Kirsten Ripper, euronews :
Mais il y en a qui se retrouvent en prison…

Marek Halter:
Ah non ! Non, non, les manifestations, c’est surtout à Saint-Pétersbourg et ce sont les néonazis qui manifestaient aussi. Aucun des mes étudiants n’a été molesté.
Vladimir Poutine m’a impressionné à un moment donné. Ce sont des petites choses parfois. Je lui ai demandé : “Vladimir, est-ce que vous connaissez les juifs ?”. Et il m’a dit : “Oui. Quand j‘étais petit, on habitait dans un appartement collectif dans la banlieue de Saint-Pétersbourg avec une famille juive. L’un d’entre eux s’appelait Salomon Abramovich. Tous les jours, après le travail, il sortait un grand livre et il le lisait en se balançant. Et je lui ai demandé : Salomon Abramovich, qu’est-ce que tu lis ? Il m’a répondu: le Talmud”.
Et Poutine me dit : “Vous m’excuserez, Marek, mais ça ne m’a pas intéressé”.
J’ai trouvé cela tellement bien, tellement juste. On le dit simplement, on le dit dans une sorte de respect de l’autre.
Vous savez, il n’est pas impossible qu’au bout de deux ans, Poutine demande à mon ami Mikhaïl Prokhorov de devenir Premier ministre.
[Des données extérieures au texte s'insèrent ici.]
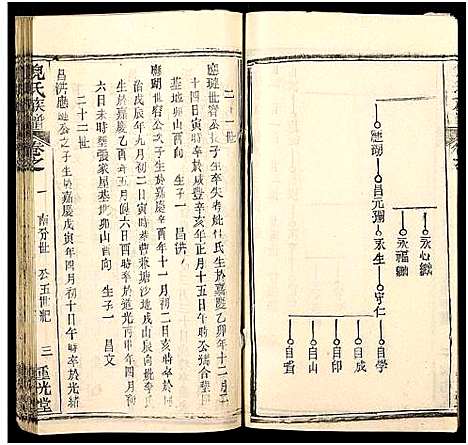 [下载][倪氏族谱_存11卷及卷首]湖北.倪氏家谱_十.pdf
Kirsten Ripper, euronews :
Vous pensez que Prokhorov est proche de Poutine ?

Marek Halter :
Je ne sais pas. Mais il représente ce côté plutôt libéral.

Kirsten Ripper :
Lui faites-vous confiance ?

Marek Halter :
Je lui fais confiance mais vous savez (rires), je ne me fais même pas confiance à moi-même !

Le yiddish, une langue perdue

Marek Halter :
Je viens d‘écrire un livre sur Birobidjan, une république juive autonome que Staline a créé en 1932-1934 et qui existe toujours. C’est le seul endroit au monde où la langue officielle est le yiddish, ma langue maternelle que plus personne ne parle dans le monde. La dernière personne avec qui j’ai discuté en yiddish – on le faisait tous les mois, on déjeunait ensemble, pour ne pas oublier la langue de nos parents – c‘était le cardinal de Paris Jean-Marie Lustiger.

Kirsten Ripper, euronews :
Il parlait le yiddish ?

Marek Halter:
Il parlait le yiddish parce que ses parents parlaient le yiddish comme les miens.

Le cardinal Lustiger est mort en 2005, mais Marek Halter a toujours de nombreux projets. Son prochain roman relatera le destin exceptionnel d’une femme : Khadija, la première épouse du prophète Mahomet et la mère de tous les musulmans.